W. B. Fox's Villa is a historic farmhouse built in 1867 in Clifton Hill, Victoria, Australia. It was also known as The House of the Gentle Bunyip, an intentional Christian community established by Athol Gill. In the 1990s, the building had fallen into disrepair and was planned to be demolished. Clifton Hill residents picketed the site for over 400 days, ultimately preventing its demolition. In 2008, the building was subsequently re-purposed as supported accommodation for people with schizophrenia. W.B. Fox's Villa is included in the statement of significance for the Clifton Hill West Precinct area in the Victorian Heritage Database.

== William Fox's Villa ==

W. B. Fox's Villa, located at 94 Hodgkinson St, was constructed in 1867 and is listed as heritage significant. as "socially significant as focus of conservation battle". It is now included in a Heritage Overlay in the Planning Scheme of Victoria (Australia). The Baptist Church, now Community Church of St Mark, and church hall, now Athol Gill Centre were built next door in the early 1900s.

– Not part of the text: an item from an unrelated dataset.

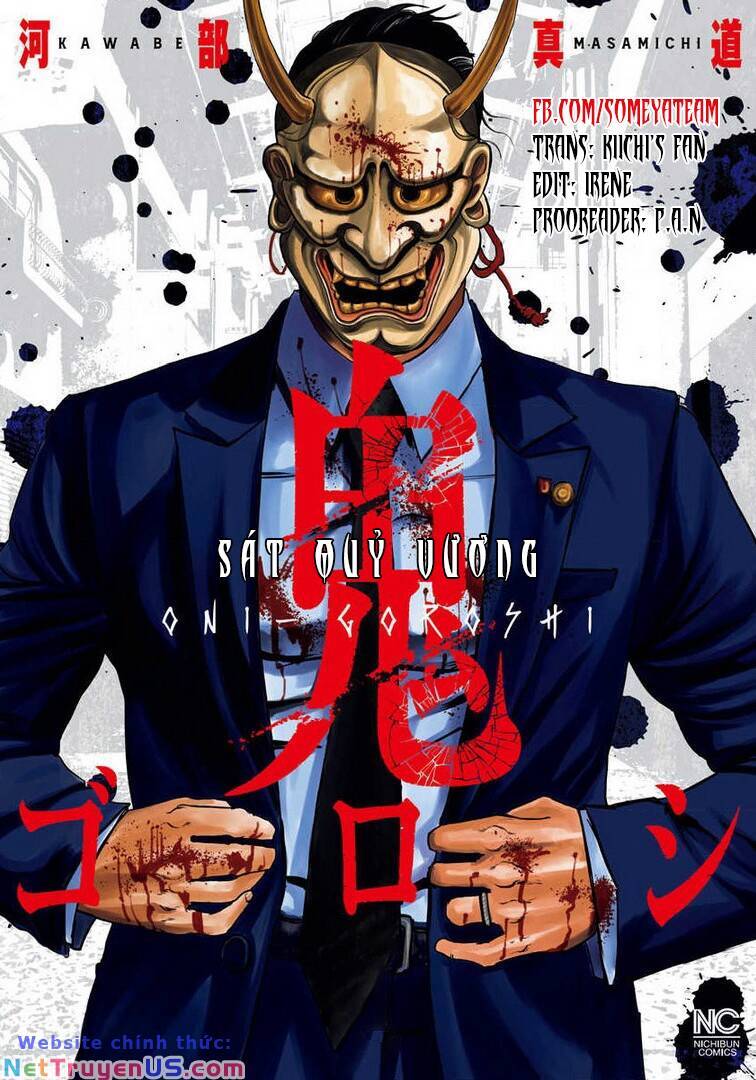 Oni Goroshi - Sát Quỷ Vương Chapter 4 - Trang 0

The villa retains a large garden on the corner of Gold St and Hodgkinson St that overlooks the Darling Gardens, set out in 1864 by Clement Hodgkinson.

The House of the Gentle Bunyip was named after the children's book, The Bunyip of Berkeleys Creek, by Jenny Wagner about a mythical Bunyip. It was the final subject of the book, Brimstone to Bunyip.

== Demolition proposal and community campaign ==
In November 1997, the Baptist Union of Victoria sold the house to developers who applied for a permit to demolish the house.

Residents Group, The 3068 Group nominated the house to be listed as state significant on the Victorian Heritage Register, but only local significance was supported by the Heritage Council.

The residents of Clifton Hill and North Fitzroy banded together to defend the historic property at the Victorian Civil and Administrative Tribunal. VCAT subsequently issued a permit for demolition.

The residents set up a picket to prevent demolition of the house. A caravan was hired, a brazier donated, and tarpaulins were hoisted for protection from the severity of sun and storms. A roster of 100 volunteers, from 18 to 85 years old, was compiled.

The picket was manned for 427 days, 24 hours a day, 7 days per week. It was the longest community picket in Australian history.

The picket is included in the statement of significance for the Clifton Hill West Precinct to demonstrate the history of community involvement engaged in "articulating public interest priorities". "The House of the Gentle Bunyip, constructed in three phases by two families between 1867 and the 1920s was the subject of controversy in the late 1990s when the local community successfully saved the building from demolition, after staging a picket lasting over 400 days."

==Conversion to social housing ==
The house was converted to social housing following a $3.4 million makeover. by pH Architects and was opened by the Hon Richard Wynne in 2008. The development included two other historic dwellings adjacent to the church.

In 2001, Fox's Villa was included in the Heritage Overlay and protected from demolition.